When McConnell was asked by Politico in an interview published on Tuesday whether he supports Garland for attorney general, the Senator Minority leader replied without hesitation, “I do.”

Garland’s 2016 nomination for the U.S. Supreme Court was blocked by McConnell after the death of Justice Antonin Scalia.

Politico noted that “Senate Republicans have maintained that their decision to prevent Garland from receiving a hearing in 2016 was not personal.”

The outlet also reported, “President Obama and his allies may now try to pretend this disagreement is about a person,’ McConnell said at the time, shortly after Obama formally nominated Garland. ‘The decision the Senate announced weeks ago remains about a principle, not a person.”

With McConnell’s endorsement of Garland for AG, it looks like he was telling the truth.

Regardless, that move by Senate Republicans is something McConnell has touted since.

McConnell said in 2018, “One of my proudest moments was when I looked at Barack Obama in the eye and I said, Mr. President, you will not fill this Supreme Court vacancy.”

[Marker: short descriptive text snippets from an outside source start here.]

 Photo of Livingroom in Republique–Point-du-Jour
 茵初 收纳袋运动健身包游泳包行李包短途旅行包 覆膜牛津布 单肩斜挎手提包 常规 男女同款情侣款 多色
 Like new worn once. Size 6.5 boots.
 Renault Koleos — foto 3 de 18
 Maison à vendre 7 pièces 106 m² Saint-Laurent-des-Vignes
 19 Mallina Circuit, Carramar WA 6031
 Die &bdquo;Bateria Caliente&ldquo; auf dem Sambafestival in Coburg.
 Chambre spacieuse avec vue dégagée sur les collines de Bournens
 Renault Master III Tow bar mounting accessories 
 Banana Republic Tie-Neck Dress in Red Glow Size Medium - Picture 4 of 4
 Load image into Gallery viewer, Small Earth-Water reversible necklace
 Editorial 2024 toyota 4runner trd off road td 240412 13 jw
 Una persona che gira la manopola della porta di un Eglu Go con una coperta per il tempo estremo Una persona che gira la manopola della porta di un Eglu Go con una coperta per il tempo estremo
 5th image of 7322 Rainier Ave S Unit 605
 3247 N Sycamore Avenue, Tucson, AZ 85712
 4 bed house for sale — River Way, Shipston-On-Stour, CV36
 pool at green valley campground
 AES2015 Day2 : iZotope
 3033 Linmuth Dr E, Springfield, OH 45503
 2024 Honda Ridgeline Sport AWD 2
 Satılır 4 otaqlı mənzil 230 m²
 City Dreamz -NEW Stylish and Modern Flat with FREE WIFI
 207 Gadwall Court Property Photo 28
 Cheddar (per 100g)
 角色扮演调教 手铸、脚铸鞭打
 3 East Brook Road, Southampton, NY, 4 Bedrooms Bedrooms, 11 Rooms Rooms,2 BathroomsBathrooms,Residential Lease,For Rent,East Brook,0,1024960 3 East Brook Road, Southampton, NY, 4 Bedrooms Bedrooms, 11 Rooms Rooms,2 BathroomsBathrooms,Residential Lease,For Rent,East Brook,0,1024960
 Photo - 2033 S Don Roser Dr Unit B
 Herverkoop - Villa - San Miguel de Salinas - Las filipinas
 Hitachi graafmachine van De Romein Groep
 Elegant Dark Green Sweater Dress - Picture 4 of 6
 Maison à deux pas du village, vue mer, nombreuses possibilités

Conservative Backlash Against McConnell’s Support For Garland

Conservative talk host Laura Ingraham tweeted of McConnell’s decision, “Evidence that Mitch won’t run for reelection: Mitch McConnell backs Merrick Garland for attorney general.”

Keep in mind, McConnell is also currently 79 years old.

Conservative influencer Jack Posobiec tweeted, “Mitch McConnell to vote for Merrick Garland, who stated Congress should censor the internet and that Antifa attacks in Portland were not terrorism.”

During his confirmation hearings, Senator Josh Hawley asked Garland about the attacks on federal property in Portland, which have been ongoing for nearly a year. 

Garland’s response was meant to differentiate between the Capitol riot and the attacks on federal property in Portland: 

“An attack on a courthouse while in operation, trying to prevent judges from trying cases, that plainly is domestic extremism, domestic terrorism. An attack simply on a government property at night or under other circumstances is a clear crime, and a serious one, and should be punished.”

Garland also came under fire for bizarrely claiming he “hadn’t thought about’ whether or not illegally crossing the border should remain a crime. 

Senator Hawley asked if Garland believed illegal crossings should remain a crime.

In response, Garland stated: 

“Well, I haven’t thought about that question. I just haven’t thought about that question. I think the president has made clear that we are a country with borders and with a concern about national security. I don’t know of a proposal to decriminalize but still make it unlawful to enter. I just don’t know the answer to that question. I hadn’t thought about it.”

As Fox News points out, there are active efforts to decriminalize illegal border crossings. 

The criticism from the right for McConnell supporting Garland was aplenty.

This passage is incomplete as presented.